Over the longer term diamond prices have consistently increased, so many people have considered them as an investment. When it comes to buying a stone for investment, the secret is in the planning. Here are 7 things you need to consider before you purchase.
1. Buy a piece you like
Ask yourself, are you buying primarily for investment or personal pleasure? If the answer is investment, it’s important to note that this will be more long term. You will need to wait 5-10 years to capitalise on reselling. Diamonds are not the kind of investment that earns you an income. For this reason, it’s wise to choose an item that you like. Then your income becomes the joy you get from wearing the piece.
2. Choose a carat, colour and clarity that’s in demand
When you’re buying with an ultimate goal to resell, you need to choose a diamond that there is a demand for. Surprisingly, this doesn’t always mean you have to find something unusual or even a stone that has a particularly high colour and clarity. Larger size diamonds are in demand as well as being in short supply. For this reason they make an ideal investment piece. Stones over 2 carats with either good colour or good clarity make a good choice. (Buying a stone with both good colour and clarity can take the price point beyond that of the normal investor.) Choosing the type of diamond that is in high demand makes it easier to resell later.
3. Do your market research
Take the time to shop around to ensure you’re getting value for money. Know your price points in relation to the colour, clarity, cut and carat weight. This way you can be sure that you are buying at a price that will maximise your investment later. Buying at auction is a good idea because it means you avoid the margin included in retail prices.
4. Certification / authenticity
First State Auctions Director Ari Taibel has been in the jewellery industry for over twenty years. He says, “If I were to advise people on buying a diamond for investment, probably one of the most important things would have to be a well-regarded laboratory report. You need a report from a laboratory that’s recognised within the market that you are intending to sell. This makes sure that the quality of the diamond is recognised when it comes time to resell.” If you’re thinking of selling in Australia, GIA and GSL are both reputable grading institutions known for their strict grading standards. If you are thinking of selling overseas, GIA is your best bet, being internationally recognised. A certificate gives your potential buyer confidence that they are getting what they are paying for.

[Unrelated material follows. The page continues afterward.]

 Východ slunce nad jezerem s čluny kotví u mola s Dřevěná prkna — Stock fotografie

5. Consider your outlets for reselling
If you’re buying to make money, you need to measure up the various different ways you can sell your pieces. Having a network of private clients, either in person or online, in Australia or overseas, is a good option. For example, some investors take their goods to China in order to resell them. In China there is a price differential and a high demand, making this a strong market.

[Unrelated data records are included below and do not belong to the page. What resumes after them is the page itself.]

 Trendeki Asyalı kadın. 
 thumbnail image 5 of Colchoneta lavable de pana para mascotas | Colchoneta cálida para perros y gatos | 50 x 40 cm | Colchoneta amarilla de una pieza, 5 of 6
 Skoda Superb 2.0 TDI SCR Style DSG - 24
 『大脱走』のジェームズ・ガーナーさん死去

6. Calculate the costs involved in buying and selling
If you don’t have your own network within which to sell, you may need to commission someone to do this on your behalf. Identifying these and other costs before you purchase will help you gauge the practicality of your investment.
7. Avoid treated and synthetic diamonds
If a diamond is colour-treated, fracture-filled, or laser-drilled, its value is greatly reduced and difficult to resell. Not only are they lower in value, they are less appealing to potential buyers. For this reason, First State Auctions only sells natural diamonds and gemstones. This takes us back to the need to get appropriate certification. A certificate from GIA, GSL or the like will pick these treatments up BEFORE you commit your cash. In short, purchasing a piece for personal pleasure that has genuine demand within the market is the safest way to buy for investment. Plus, it has the added benefit of bringing you a little sparkle to your life!